「お前さえいなければ」と言われたので死んだことにしてみたら、なぜか必死で捜索されています
「エリオット様……! セラフィーナ様に同情するのはわかりますが、それでは国のためになりませんわ! 王妃には家柄だけでなく能力も必要です!」

 アメリア様はそう言った後、はっとした顔になり、困ったような笑みを浮かべて私を見た。

 お優しいアメリア様は、本当は厳しい言葉など言いたくなかったのだろうけれど、国のためを思ってあえて言いづらいことを口にしたのだろう。

 私は一瞬でもエリオット様の言葉に甘えそうになった自分を反省する。


「い、いや、しかし、アメリア。王家とシャノン公爵家は代々繋がりが強い上、神殿も婚約解消に反対していてだな」

「そんなことどうにかするべきですわ! このまま出来損ないの精霊師を王妃にして、国が傾いてもいいのですか!?」

 エリオット様はどこか慌てた様子でアメリア様に言葉を返すが、アメリア様は引かない。

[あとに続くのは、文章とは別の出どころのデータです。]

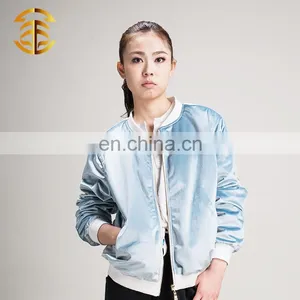 China Manufacturer Custom Blue Velvet Sublimation Bomber Jacket thumbnail-1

 それにしても、やっぱりアメリア様も私のことを出来損ないだと思っているのかと思うと、ちょっぴり胸が痛くなる。


「……セラフィーナ。話はもう終わりだ。別邸に戻れ」

 アメリア様に詰め寄られながら、エリオット様はこちらを見てそう言った。

 私は二人に向かって頭を下げ、退室する。


 部屋を出て、一人になったところで、私の首元からぽわぽわと小さな光の玉が飛び出てきた。

 光の玉は私の顔の前まで来ると、猫の姿に形を変える。

『なんなんだよ、あいつら! 勝手なことばかり言って! セラもどうして言い返さないの!?』

 ふわふわした白い毛に、まん丸の青い目。背中に生えた小さな羽根。

 世にも愛くるしいこの猫らしき生き物は、実は猫ではなく、私が契約した精霊だ。


「シリウス、そんなことを言っては駄目よ。お二人とも国のためを思って、言いづらいことを言ってくれただけなんだから」

『国のため!? どこが!? 言いがかりも甚だしいじゃん! あいつら、セラが朝から晩まで精霊に力を送り続けているのが見えてないのか……!?』

 シリウスは丸い目を尖らせて、ぷんぷん怒っている。